> **Task instructions**
Return only the lines of the data below from the line with "Frameless Shower Doors" up to and including the line with "Orc Eiyuu Monogatari", exactly as written, with the pictures omitted.

> **Information provided**
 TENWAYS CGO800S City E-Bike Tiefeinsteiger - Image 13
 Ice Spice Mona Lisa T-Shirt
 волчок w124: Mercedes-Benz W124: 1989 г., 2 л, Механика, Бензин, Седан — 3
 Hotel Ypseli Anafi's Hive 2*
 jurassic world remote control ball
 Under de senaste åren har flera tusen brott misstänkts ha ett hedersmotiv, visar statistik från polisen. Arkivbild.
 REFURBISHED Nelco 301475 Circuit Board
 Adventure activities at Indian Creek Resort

...

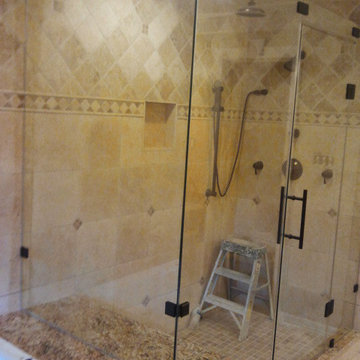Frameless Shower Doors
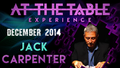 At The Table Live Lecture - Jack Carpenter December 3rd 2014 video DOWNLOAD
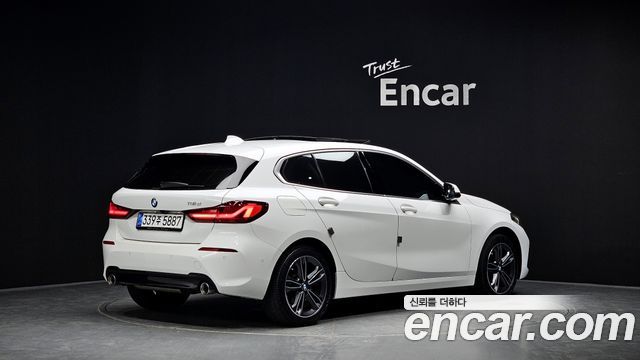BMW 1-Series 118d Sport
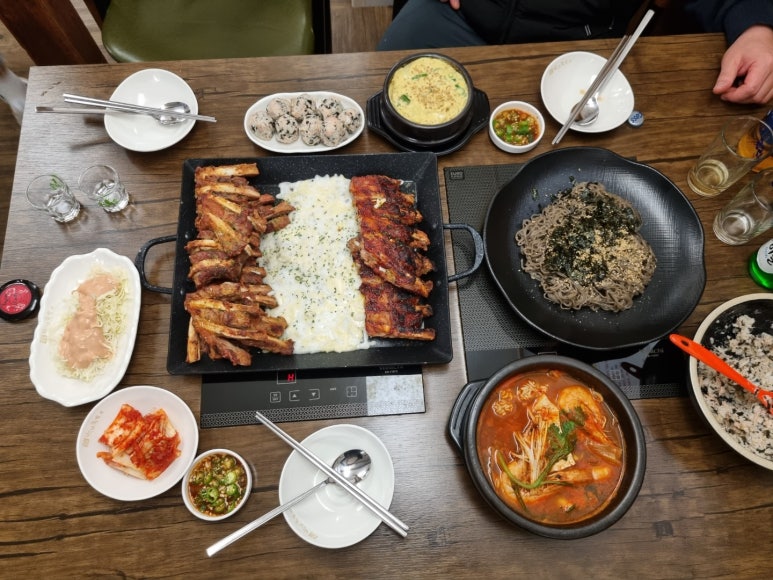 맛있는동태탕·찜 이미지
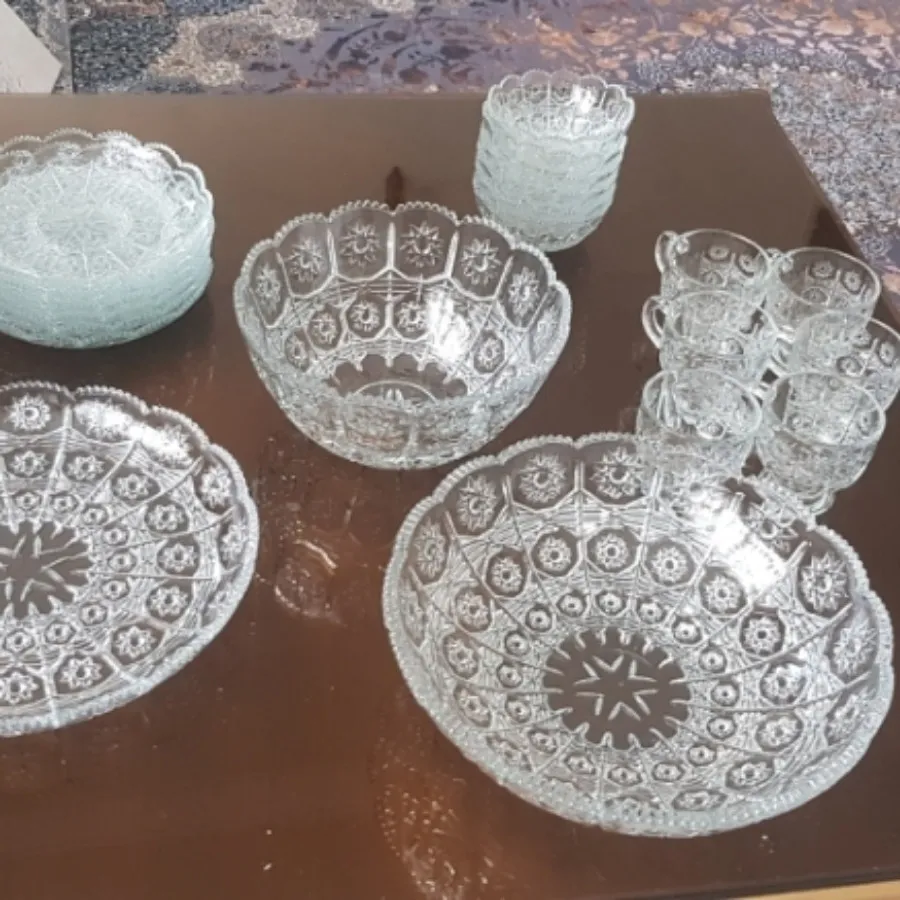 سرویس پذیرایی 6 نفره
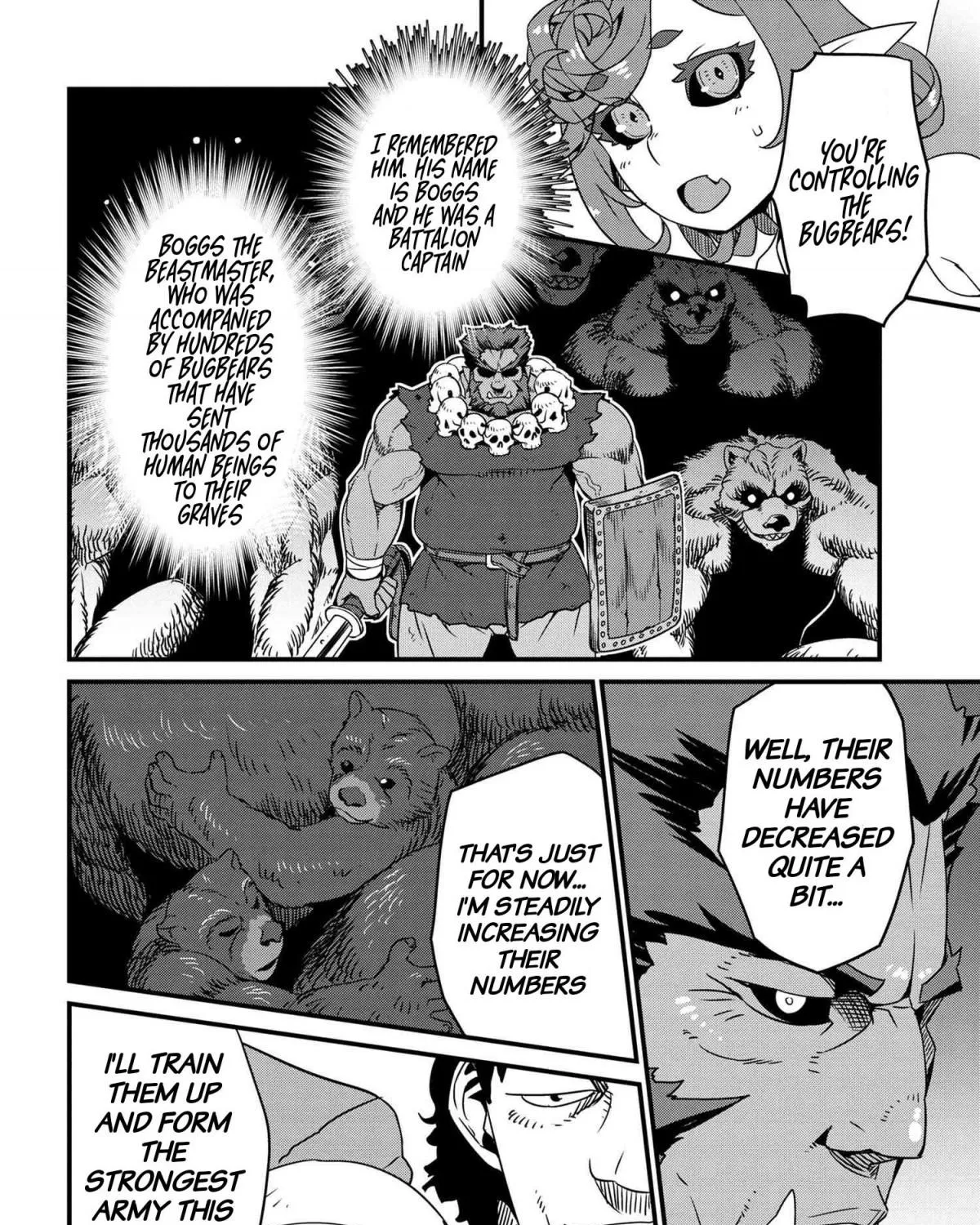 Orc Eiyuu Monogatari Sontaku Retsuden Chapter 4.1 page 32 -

> **Exercise response**
Frameless Shower Doors
 At The Table Live Lecture - Jack Carpenter December 3rd 2014 video DOWNLOAD
BMW 1-Series 118d Sport
 맛있는동태탕·찜 이미지
 سرویس پذیرایی 6 نفره
 Orc Eiyuu Monogatari Sontaku Retsuden Chapter 4.1 page 32 -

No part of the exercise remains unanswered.